Gaudissart had just come in for a rehearsal. Chance so ordered it that no one wished to speak with him; actors and authors were alike late.

Delighted to have news of his conductor, he made a Napoleonic gesture, and La Cibot was admitted.

The sometime commercial traveler, now the head of a popular theatre, regarded his sleeping partners in the light of a legitimate wife; they were not informed of all his doings. The flourishing state of his finances had reacted upon his person. Grown big and stout and high-colored with good cheer and prosperity, Gaudissart made no disguise of his transformation into a Mondor.

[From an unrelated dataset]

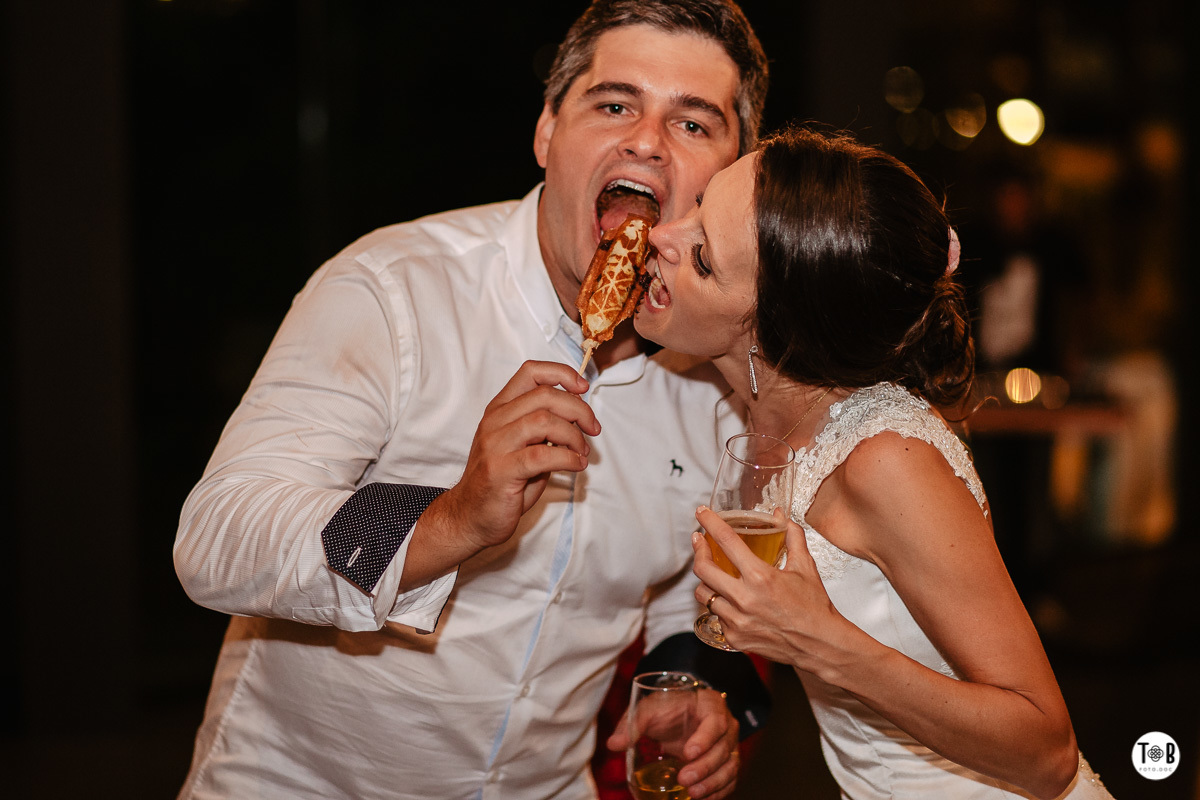 casamento ao ar livre em Florianopolis. Indaiá - Lagoa da Conceição.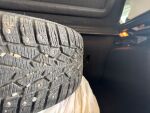 Ford Focus 2013 Harmaa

"We are turning into a city-father," he once said, trying to be the first to laugh.

"You are only in the Turcaret stage yet, though," retorted Bixiou, who often replaced Gaudissart in the company of the leading lady of the ballet, the celebrated Heloise Brisetout.

The former Ill.u.s.trious Gaudissart, in fact, was exploiting the theatre simply and solely for his own particular benefit, and with brutal disregard of other interests. He first insinuated himself as a collaborator in various ballets, plays, and vaudevilles; then he waited till the author wanted money and bought up the other half of the copyright. These after-pieces and vaudevilles, always added to successful plays, brought him in a daily harvest of gold coins. He trafficked by proxy in tickets, allotting a certain number to himself, as the manager's share, till he took in this way a t.i.the of the receipts. And Gaudissart had other methods of making money besides these official contributions. He sold boxes, he took presents from indifferent actresses burning to go upon the stage to fill small speaking parts, or simply to appear as queens, or pages, and the like; he swelled his nominal third share of the profits to such purpose that the sleeping partners scarcely received one-tenth instead of the remaining two-thirds of the net receipts. Even so, however, the tenth paid them a dividend of fifteen per cent on their capital. On the strength of that fifteen per cent Gaudissart talked of his intelligence, honesty, and zeal, and the good fortune of his partners. When Count Popinot, showing an interest in the concern, asked Matifat, or General Gouraud (Matifat's son-in-law), or Crevel, whether they were satisfied with Gaudissart, Gouraud, now a peer of France, answered, "They say he robs us; but he is such a clever, good-natured fellow, that we are quite satisfied."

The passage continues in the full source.